2
votes

I'm developing some simulation software in Clojure that will need to process lots of vector data (basically originating as offsets into arrays of Java floats, length typically in 10-10000 range). Large numbers of these vectors will need to go through various processing steps - e.g. normalising the vectors, concatenating together two streams of vectors, calculating a moving average etc.

Rather than doing everything in an imperative style, I was hoping to do was create a more functional-style Clojure solution that would do the following:

  • allow any vector function to be turned into a pluggable module, e.g. (def module-a (make-module some-function))
  • allow these modules to be composed in pipelines, e.g. (def combined-module (combine-in-series module-a module-b)) would feed the output of module-a into the input of module-b
  • allow auxillary functions to access state stored within a given module, e.g. (get-moving-average some-moving-average-module), which would need to work even if some-moving-average-module is embedded deep within a combined pipeline
  • hide any boilerplate code behind the scenes, e.g. allocating sufficiently large temporary arrays for vector calculation.

Does this sound like a sensible approach?

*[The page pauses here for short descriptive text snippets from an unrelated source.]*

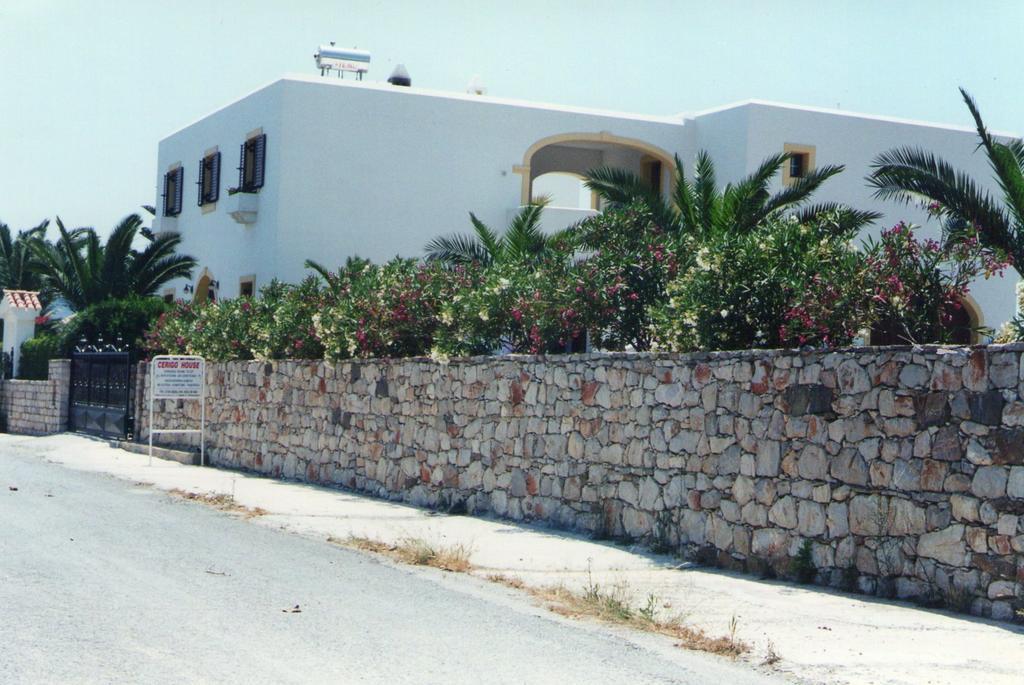 דירות Kondoliánika Cerigo House מראה חיצוני תמונה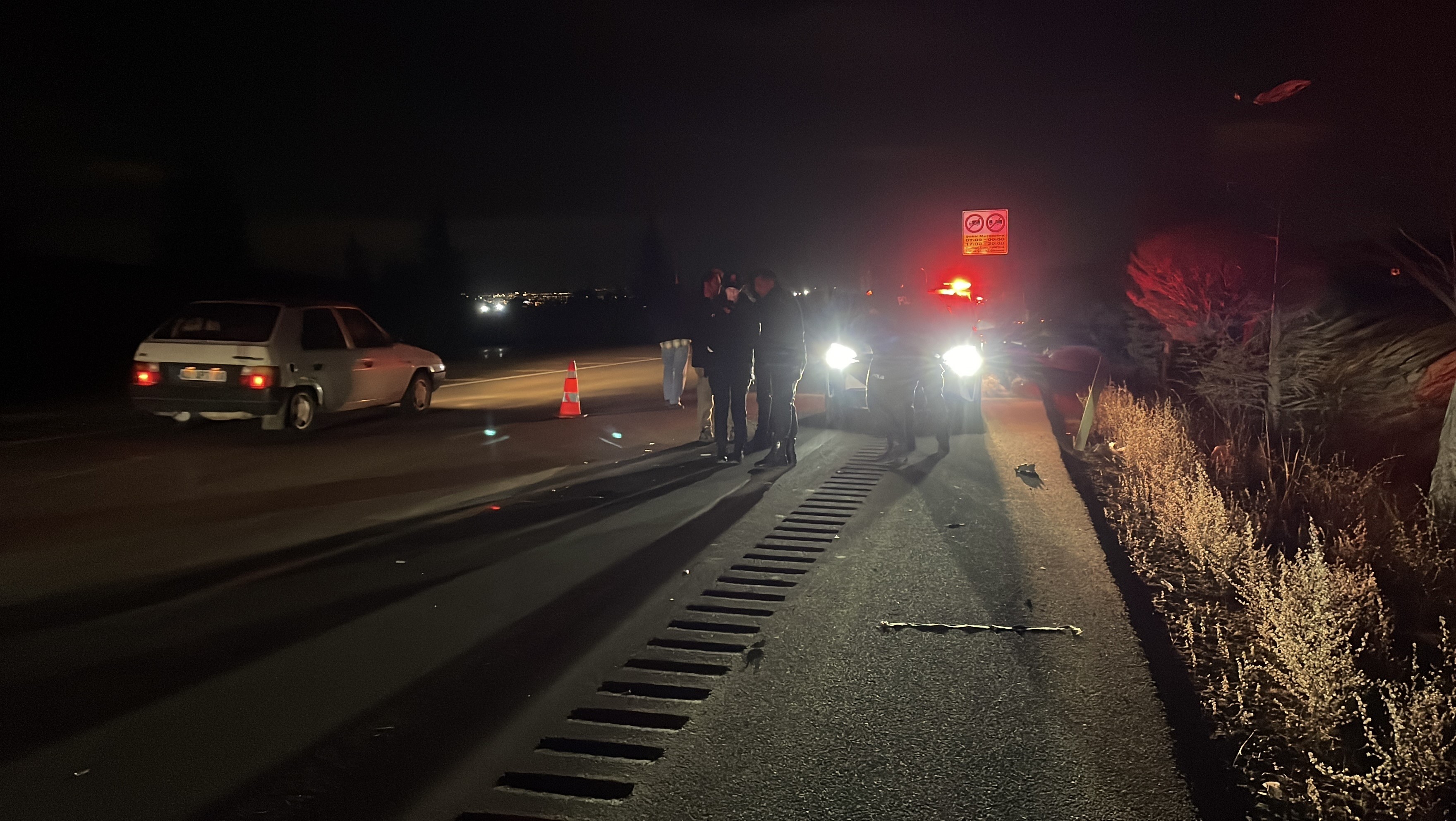 Esi Yolda Can Verdi Koca Olay Yerinden Ayrildi (2)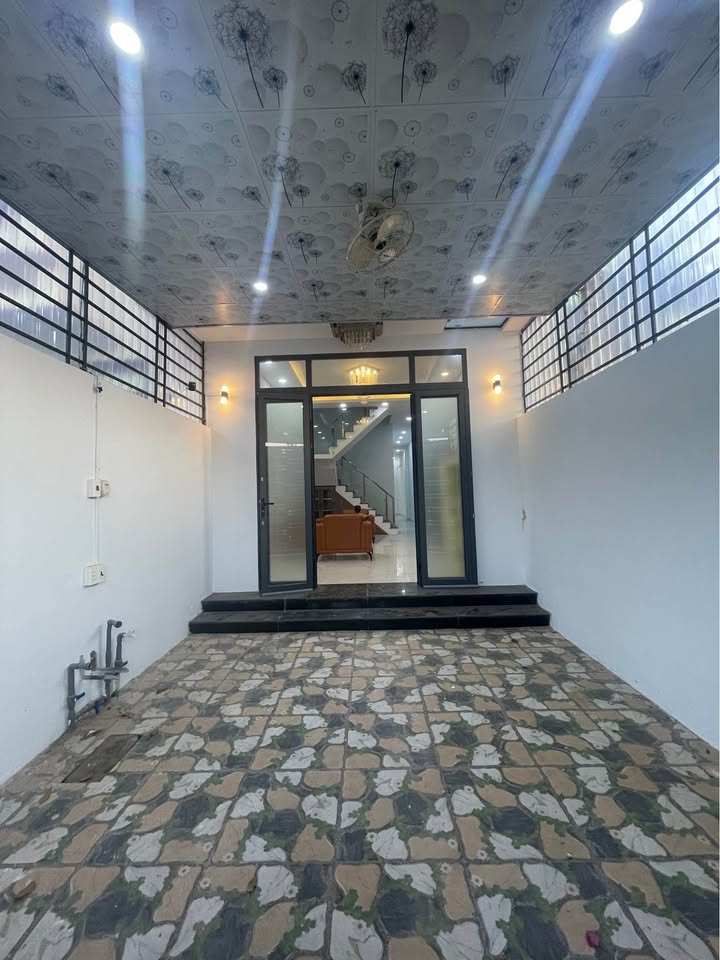 Nhà mặt tiền đường 9B, Phường 4, Sóc Trăng 100m² giá 2.5 tỷ - Sổ hồng hoàn công!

If so, any implementation hints or libraries that might help?

2

2 Answers

3
votes

In a functional language, everything is dataflow. You can use functions as your module concept.

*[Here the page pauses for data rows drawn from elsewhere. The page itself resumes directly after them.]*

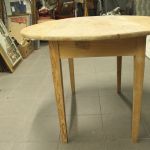 768 4011 DROP-LEAF TABLE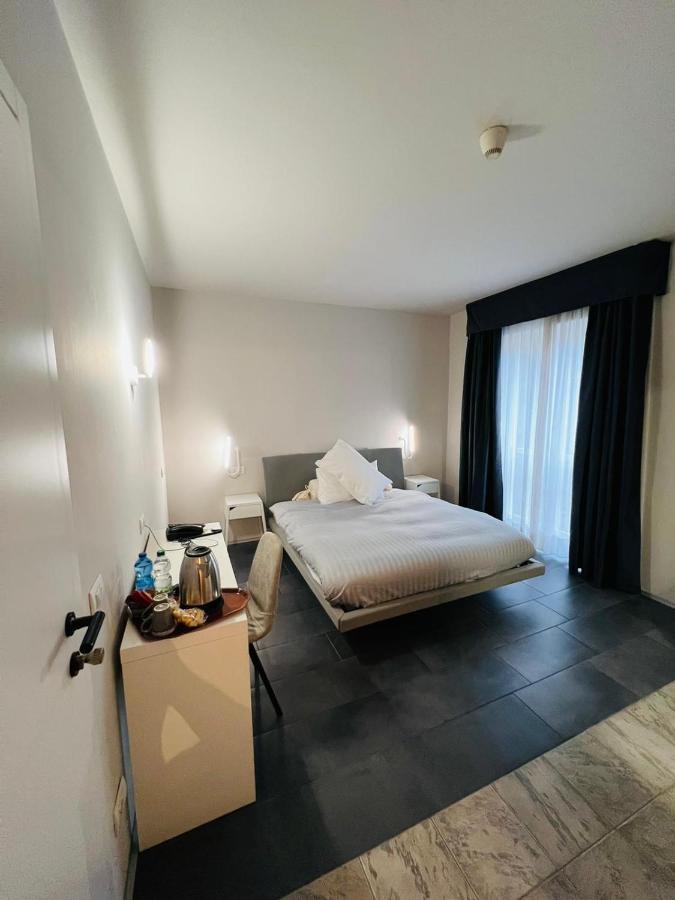 Hotel Garni Santa Caterina Орта Сан Джулио Екстериор снимка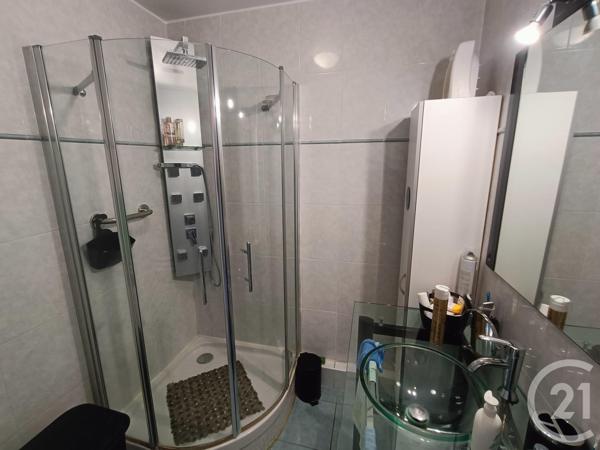 Appartement T4 à vendre  4 pièces - 94,36 m2 MARSEILLE - 13011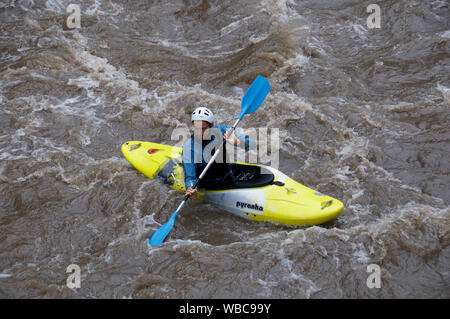 Azione in kayak sul Noguera Pallaresa river, Catalunya, Spagna Foto Stock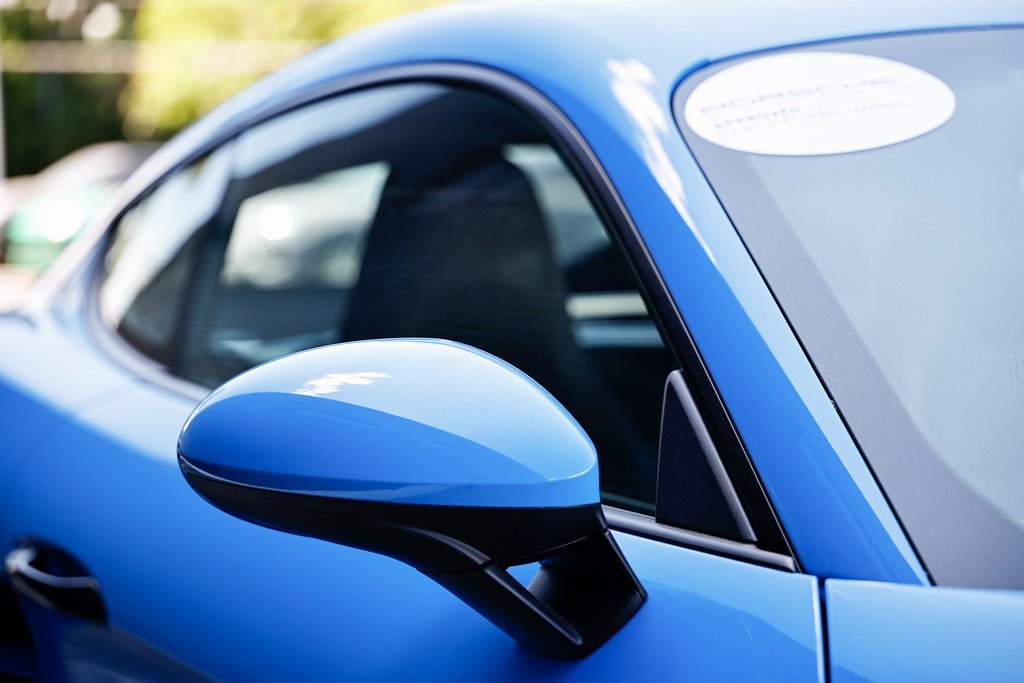 2025 Porsche Cayman photo 18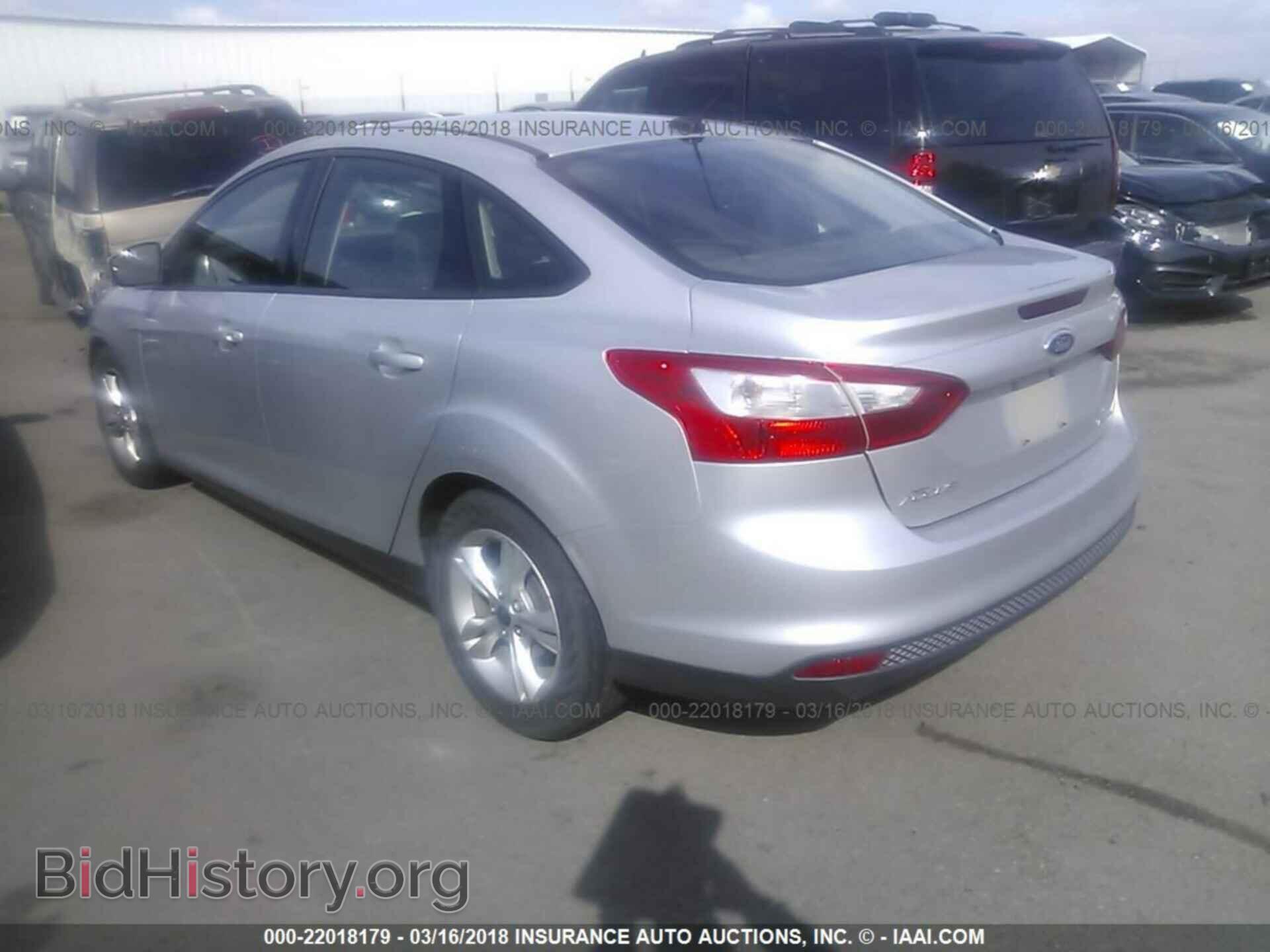 2014 Ford Focus - VIN: 1FADP3F29EL111407 - Photo 3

To address each of your use-cases:

  • A pluggagble module is a Clojure function that takes a single argument that is the state of your data vector. e.g. (def module-a some-function) To allow for easy extension by modules, I suggest using a Clojure map as your state, where one field is your array of floats.
  • Composing modules is function composition. e.g. (def combined-module (compose module-a module-b)
  • Auxiliary functions are accessor functions, extracting state from your data. e.g. If your data is a Clojure map with a :moving-average field, then the keyword :moving-average is your accessor function. State is not stored in modules.
  • Boilerplate code is hidden in the implementation of your functions, which can be declared anywhere, possibly in another file and namespace.